I agree with a signed contract... it has value.

A handshake holds water like a screen door on a submarine when it comes to money. Get burned a couple times and you will learn.

Here, let me try a different route...

So I want to sell you this route... you give me 10K and I will give you the names and addresses of a route that will yield 200K annually. I will introduce you to the people and tell them to go with you because you are the best (next to me of course ) But, I hold no contracts with these people, so they don't have to go with you, and you could be giving me 10K to introduce you to some people you will never hear from again in your life.

See what I am saying?

And what is to say that the rumor on the street spreads that I am retiring, and some young buck wants that piece of pie and steals all your future customers? What do we do then?

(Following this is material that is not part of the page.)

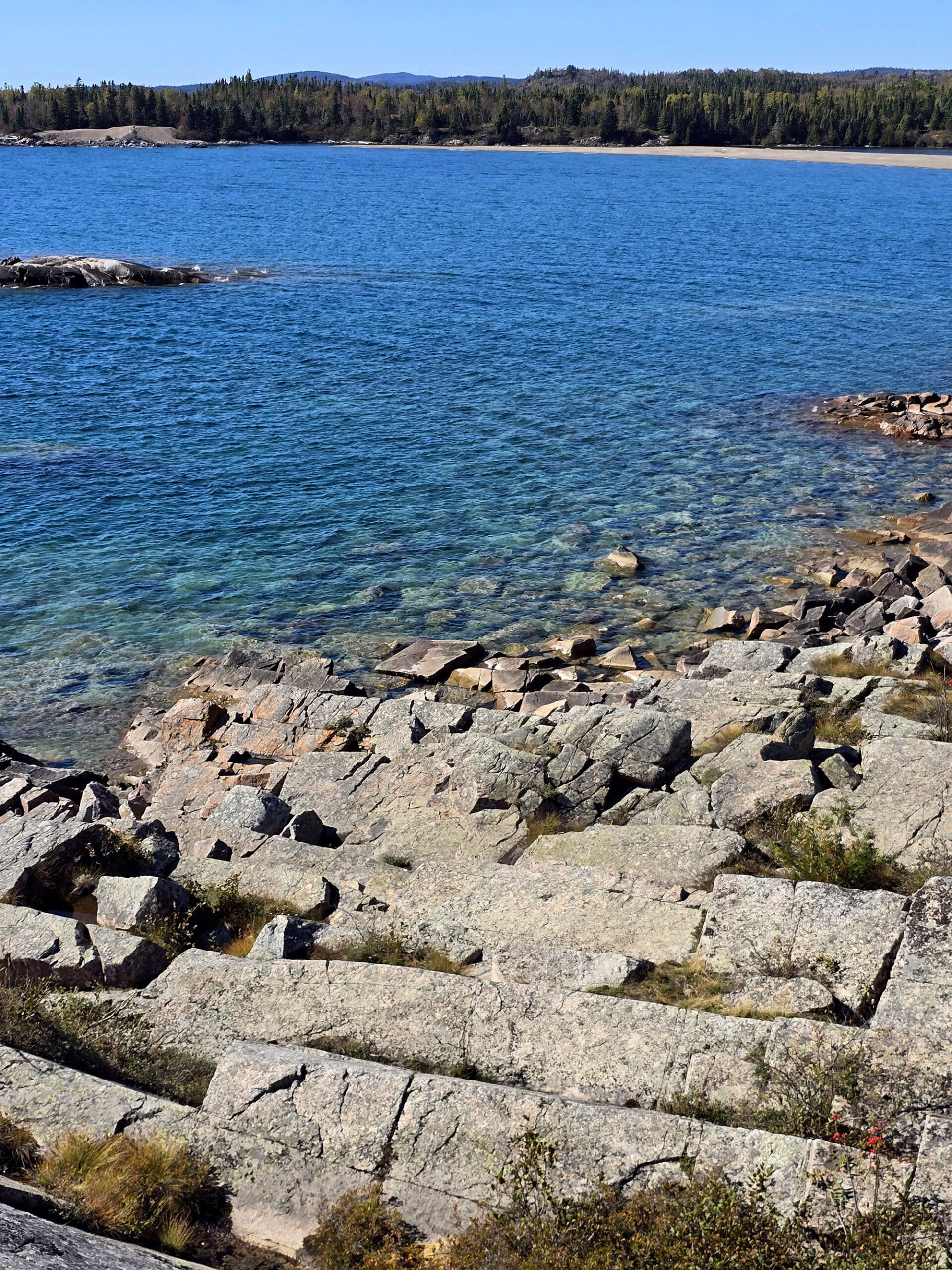 A rocky lake superior beach at terrace bay.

You just paid me 10K and got nothing more than some handshakes from these "accounts"


----------



## Unraveller (Jan 28, 2014)

Philbilly2 said:


> I agree with a signed contract... it has value.
> 
> A handshake holds water like a screen door on a submarine when it comes to money. Get burned a couple times and you will learn.
> 
> ...


Payout is a % of people that Sign Contracts with Buyer.

Simple.


----------



## Broncslefty7 (Jul 14, 2014)

i must have missed the part where he did not have contracts.


----------



## Philbilly2 (Aug 25, 2007)

Listen, so this is why I say that it is a crock. You can acquire the work without purchasing. I did it a few years back.

Another shop in my area, the guy was retiring. I was at his auction where he was selling all of the tools, shop items, trucks, etc...

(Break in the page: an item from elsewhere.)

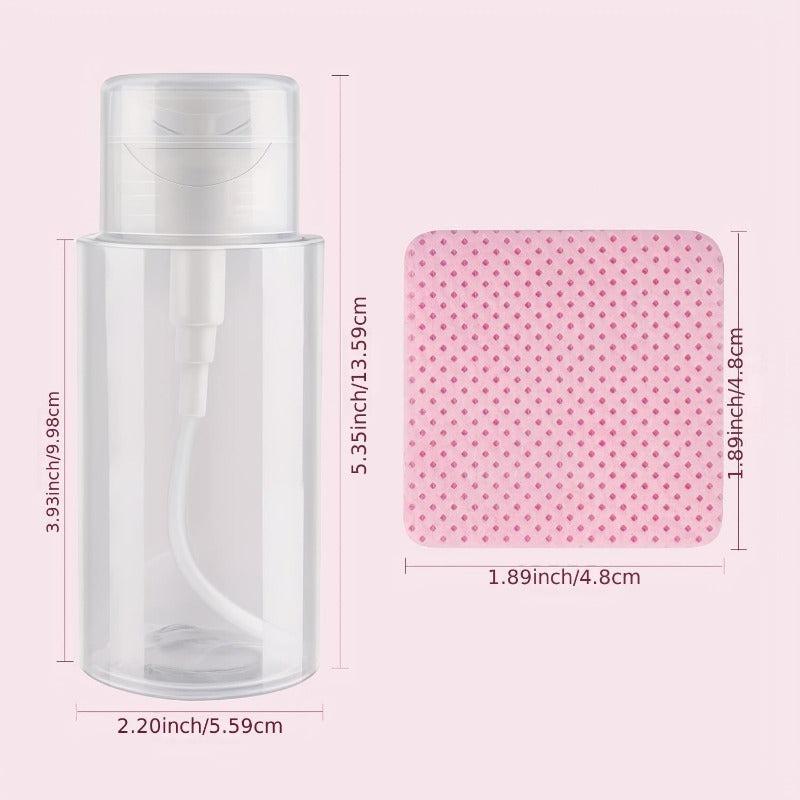 300 Pink Lint Nail Wipes Absorbent Soft Non Woven with Pump Dispenser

I just happened to bump into him and ask him what he was planning to do with the company "name" as it was a very well known name in the area. He said he would sell it for $xxx,xxx.xx, I said OH... wow... OK, no but thanks. I proceeded to sit threw the auction, (planning my attack) left that day and started hitting the streets on Monday AM first thing. Calling the factories, schools, business, all the stuff he had for years and years and informing them that he has retired and if they need someone to handle their facility to give me a chance and left them with some good references.

SO...

Couple weeks later, that company was sold to one of my other competitors for $xxx,xxx.xx. 

The issue was that I had already got my foot in the door with many of the customers that had called this shop for the past 30-40 years.

The branch made it a bit over a year with terrible monthly margins (from what I hear) and was closed earlier this year due to the business branch not being profitable. 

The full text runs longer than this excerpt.